Suppose $S$ resides in the presence of a scalar field $f$. We can label the region of ${\mathbb{R}}^3$ which is affected by $f$ as $U$, so $U\subseteq {\mathbb{R}}^3$ and $f:U\to \mathbb{R}$. Then we can conceptually define a surface integral as the double integral of $f$ over all points of $S$:

$${\iint }_{S}fdS$$

where $dS$ is an infinitesimal area element on $S$. $S$ is usually defined for a 3D space by a parameterized vector-valued function $r(s,t)=(x_1(s,t),x_2(s,t),x_3(s,t))$. In this case, we can rewrite the above abstract integral in terms of this parameterization $\vec{r}(s,t)$,

$${\iint }_{S}fd\vec{S}={\iint }_{D}f(\vec{r}(s,t))||\frac{\partial \vec{r}(s,t)}{\partial s}\times \frac{\partial \vec{r}(s,t)}{\partial t}||dsdt$$

We can see this formula represents the value of $f$ at some point defined by $\vec{r}(s,t)$, multiplied by the magnitude of the cross product of the derivative of $\vec{r}$ with respect to $s$, and the derivative of $\vec{r}$ with respect to $t$. Geometrically this represents the magnitude of a normal vector at any point on $S$ multiplied by the value of the scalar field at that same point.
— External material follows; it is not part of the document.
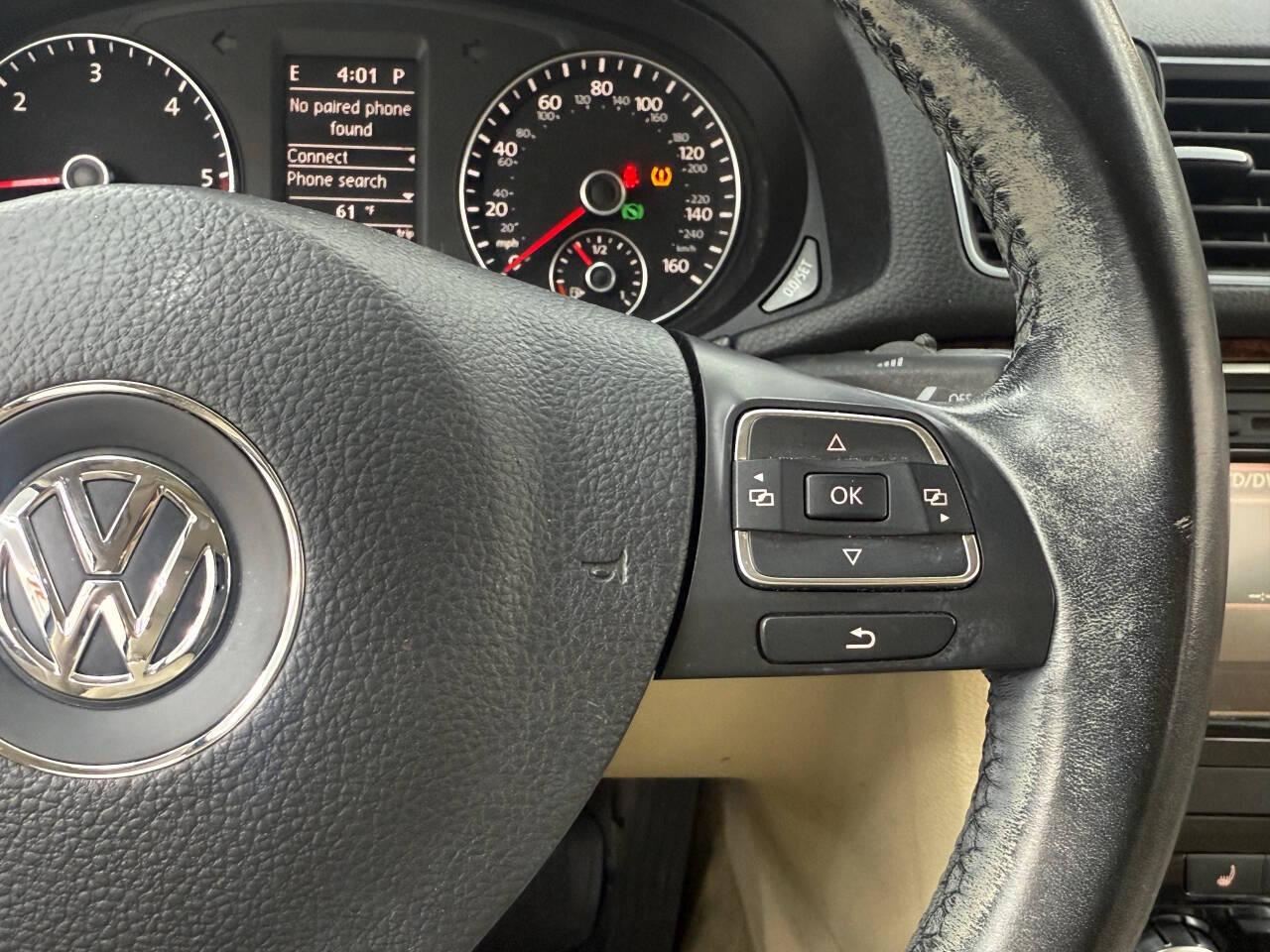 Volkswagen Passat 2.0L TDI SEL Premium 2013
Note that if $f\equiv 1$, then the surface integral of $f$ will equal the surface area of $S$.

Over Vector Fields

Suppose $S$ resides in the presence of a vector field $\vec{F}$ with $n$-dimensions. We can label the region of ${\mathbb{R}}^3$ which is affected by $\vec{F}$ as $U$, so $U\subseteq {\mathbb{R}}^3$ and $\vec{F}:U\to {\mathbb{R}}^n$. Then we can conceptually define a surface integral as the double integral of $f$ over all points of $S$:

$${\iint }_S\vec{F}\cdot d\vec{S}={\iint }_S\vec{F}\cdot \vec{n}d\vec{S}$$

where $dS$ is an infinitesimal area element on $S$, and $\vec{n}$ is a unit normal vector to $S$ for any orientation. $S$ is usually defined for a 3D space by a parameterized vector-valued function $r(s,t)=(x_1(s,t),x_2(s,t),x_3(s,t))$. In this case, we can rewrite the above abstract integral in terms of this parameterization $\vec{r}(s,t)$,

$${\iint }_S\vec{F}\cdot d\vec{S}={\iint }_D\vec{F}(\vec{r}(s,t))\cdot (\frac{\partial \vec{r}(s,t)}{\partial s}\times \frac{\partial \vec{r}(s,t)}{\partial t})dsdt$$

We can see that we first form a normal vector by crossing the two derivatives of $\vec{r}(s,t)$ with respect to $s$ and to $t$, then dot product this normal vector with the value of the vector field at the same point.

The quantity calculated from this surface integral is referred to as flux, which quantifies the amount of vector field lines passing through $S$.